04 juillet 2006

Songe, mensonge

HODIE

Trop facile...


Saisir quand tout me quitte,
Et avec quelles mains
Saisir cette pensée,
Et avec quelles mains
Saisir enfin le jour
Par la peau de son cou,
Le tenir remuant
Comme un lièvre vivant ?
Viens, sommeil, aide-moi,
Tu saisiras pour moi
Ce que je n'ai pu prendre
Sommeil aux mains plus grandes.

(Jules Supervielle, Le Forçat innocent)

03 juillet 2006

Autruche

HODIE

Quelle résistance à l'effacement ! Sacré monde !


Quand
Le brouillard
Ouvrit
Les yeux
Il vit
Que tout
Le regardait.

(Malcom de Chazal, Sens magique)

02 juillet 2006

Saut à l'élastique

HODIE

Qui voudrait la perdre ?


Les fusées
les idées
toujours
plus haut
font une brèche
dans la caverne
vers l'inconnu.

Il en revient
les retombées
qui nous ressemblent
souffrance et mort.

Toujours s'attache
à notre terre
l'inséparable
mobile et pâle
ombre de l'homme.

(Jean Tardieu, L'accent grave et l'accent aigu)

01 juillet 2006

Résiste !

HODIE

Garde des surprises et de l'ombre.


Que la gloire ne soit qu'une glissade, après la fin même, vers le non-recevoir indifférent qui clôt tôt ou tard le débat, on passerait encore.

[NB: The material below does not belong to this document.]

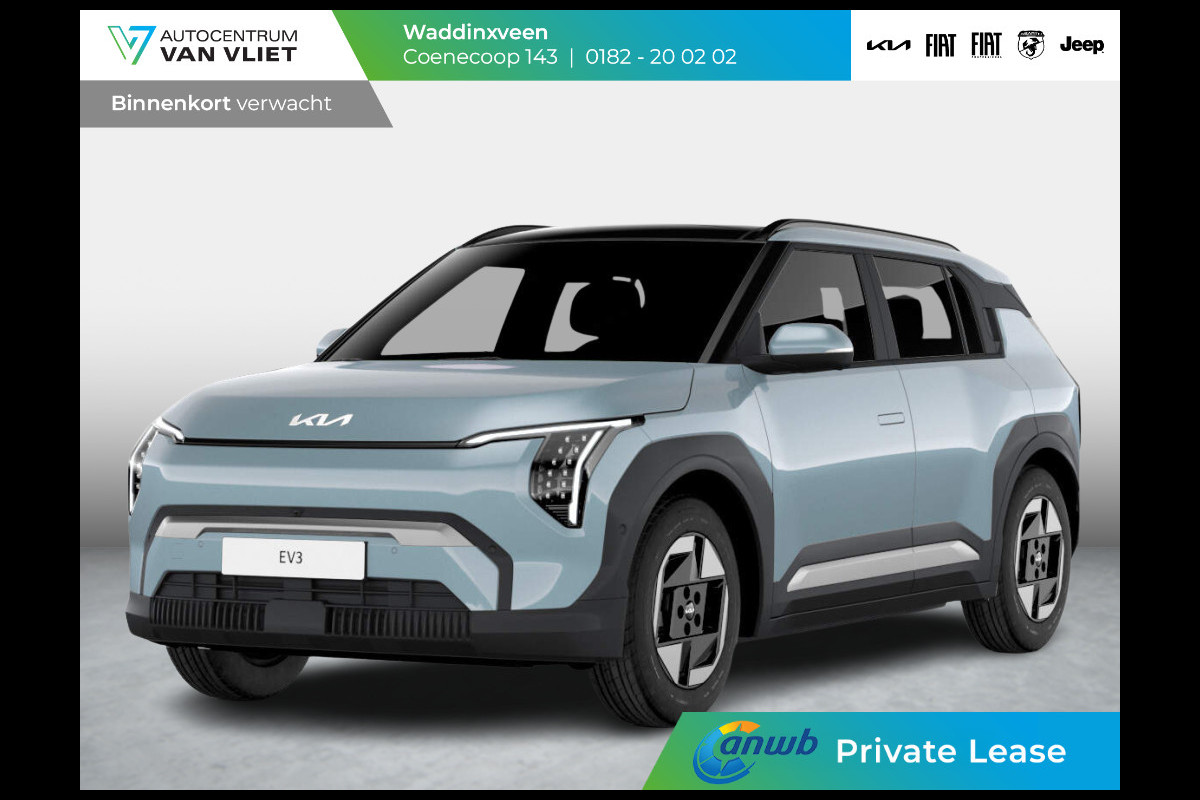 Kia EV3 Plus 81.4 kWh ANWB Private Lease v.a. € 564,- | Levering Juni | 600km Rijbereik | Navi | 17" | Adapt. Cruise | Clima | PDC | Dakrails | Stoel&Stuurverw. | Priv Glass | BSM | Kia EV3 Plus 81.4 kWh ANWB Private Lease v.a. € 564,- | Levering Juni | 600km Rijbereik | Navi | 17" | Adapt. Cruise | Clima | PDC | Dakrails | Stoel&Stuurverw. | Priv Glass | BSM |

Ce qu'il y a de plus attristant avec les morts, c'est le peu de résistance qu'ils offrent à faire société. Quoi ! Est-il vraiment possible qu'ils aient été de si bonne composition ? Comment comprendre qu'ils s'emboîtent, qu'ils s'ajustent si bien, après — le creux de l'un moulé au saillant de l'autre — si tranquilles dans leur coin, et de bonne fréquentation — si dociles à la mise en place et aux règles de la perspective — si bien meublants ? Et cette complicité inavouable qui leur vient, cette veulerie soudaine à converser, à se glisser, d'une page à l'autre des manuels de littérature, des potins d'alcôve et des recettes de basse cuisine — tellement à l'aise entre eux au milieu de ce que Renan appelle « les petits bruits intimes du cercueil ». C'est ce qui enhardit les célébrateurs de centenaires ; n'importe qui peut faire ami avec eux ; on pense à ces « visites aux morts » malgaches où on va pique-niquer à la crypte, et où, au son d'un orchestre champêtre, les morts un peu rudement secoués sur leurs étagères valsent familièrement de bras en bras.